Assigned task:
Write out exactly the lines of the entries below from the one holding "2024 Daihatsu Copen" to the one holding "La Plagne Proche", inclusive, and leave out all other lines.

Source information:

====

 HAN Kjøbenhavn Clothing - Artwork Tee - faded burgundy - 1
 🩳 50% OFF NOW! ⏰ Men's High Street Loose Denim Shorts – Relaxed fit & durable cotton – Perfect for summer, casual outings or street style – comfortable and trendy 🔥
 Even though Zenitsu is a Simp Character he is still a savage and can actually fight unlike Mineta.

====

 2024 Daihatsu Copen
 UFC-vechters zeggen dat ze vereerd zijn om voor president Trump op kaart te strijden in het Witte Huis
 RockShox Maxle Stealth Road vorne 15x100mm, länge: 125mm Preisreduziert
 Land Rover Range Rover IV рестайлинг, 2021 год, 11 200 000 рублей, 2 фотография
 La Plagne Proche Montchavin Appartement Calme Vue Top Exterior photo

====

Response:
 2024 Daihatsu Copen
 UFC-vechters zeggen dat ze vereerd zijn om voor president Trump op kaart te strijden in het Witte Huis
 RockShox Maxle Stealth Road vorne 15x100mm, länge: 125mm Preisreduziert
 Land Rover Range Rover IV рестайлинг, 2021 год, 11 200 000 рублей, 2 фотография
 La Plagne Proche Montchavin Appartement Calme Vue Top Exterior photo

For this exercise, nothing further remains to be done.